Pride and prejudice: The State of Israel vs Yosef Kibita

 
YOSEF KIBITA reading from the Torah in the synagogue at Kibbutz Ketura, his adopted home for the last three years. (photo credit: Courtesy)
YOSEF KIBITA reading from the Torah in the synagogue at Kibbutz Ketura, his adopted home for the last three years.
(photo credit: Courtesy)

RELIGIOUS AFFAIRS: When the young Ugandan applied to make aliyah in 2017, he couldn’t have imagined that he would be poised to fundamentally impact the dynamic of Israel-Diaspora relations.

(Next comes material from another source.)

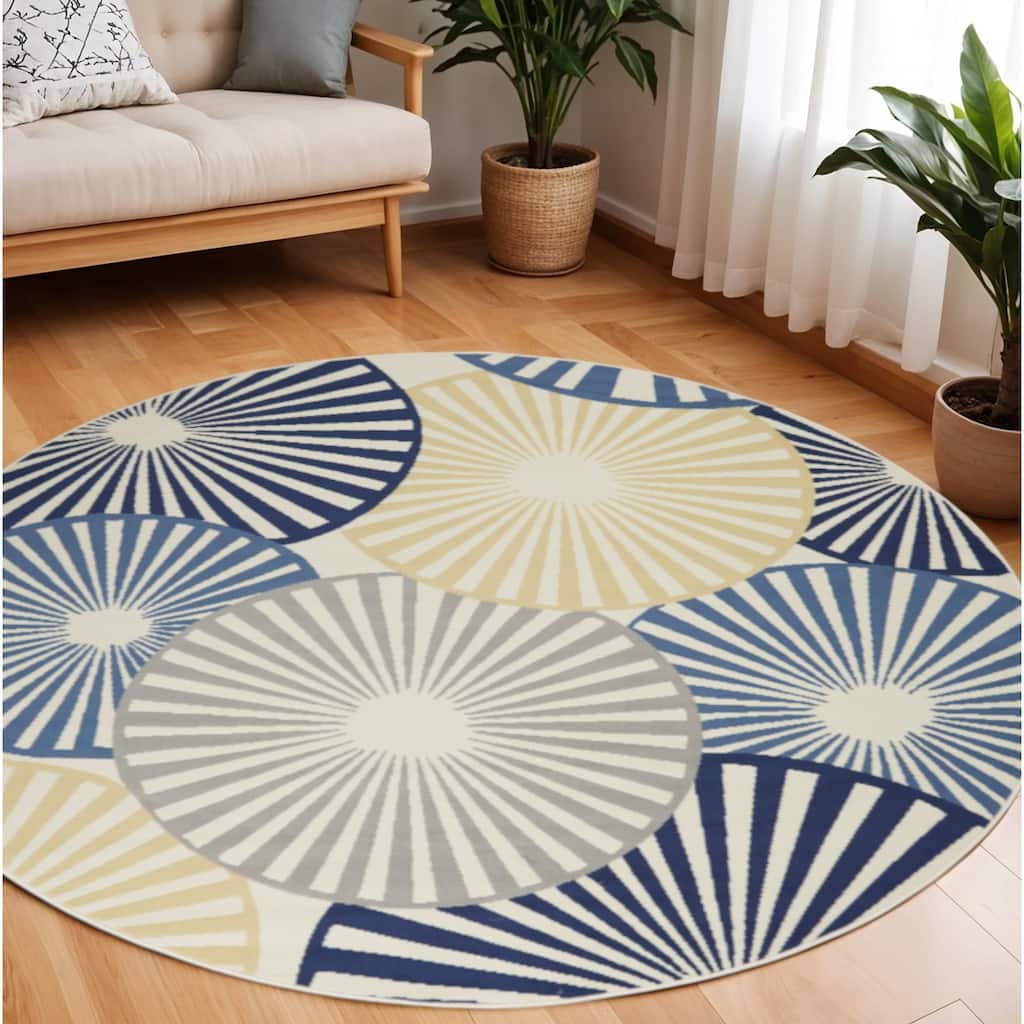 Mafuq Power Loomed Geometric Modern Durable Area Rug By HomeRoots - 96' X '96' X '0.5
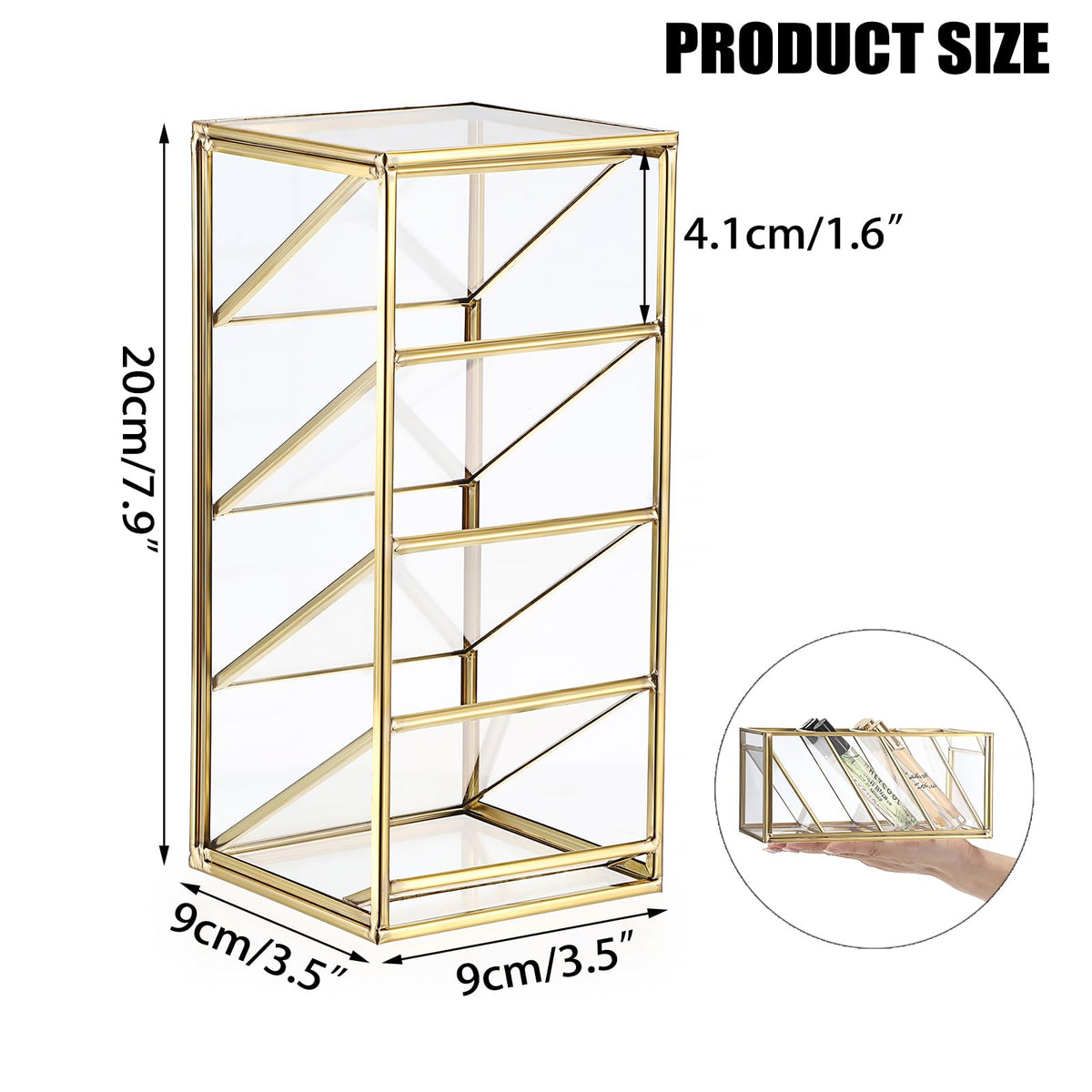 ELLDOO rollerball perfume organizer side view; space-saving design for small desks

On February 1, Israel’s Supreme Court will be hearing a case involving thousands of Jews around the world currently denied the right to make aliyah under the Law of Return.
The petition was actually filed in the name of only one individual, but his circumstances are such that the verdict in his case will have profound implications for countless others.
Perhaps even more profoundly, it will establish the rules of engagement that will govern relations between Israel and Jewish communities around the world for years to come. Given that those relations have reached a new nadir of fragility, the outcome of the case is likely to be particularly impactful.
Should the court take a clear stand on the matter one way or the other, it will either establish the grounds for an era of nurturing mutual respect between Jews abroad and the Jewish state whose leaders claim it belongs to them as well as to its citizens, or exacerbate an already mounting sense of estrangement one from the other.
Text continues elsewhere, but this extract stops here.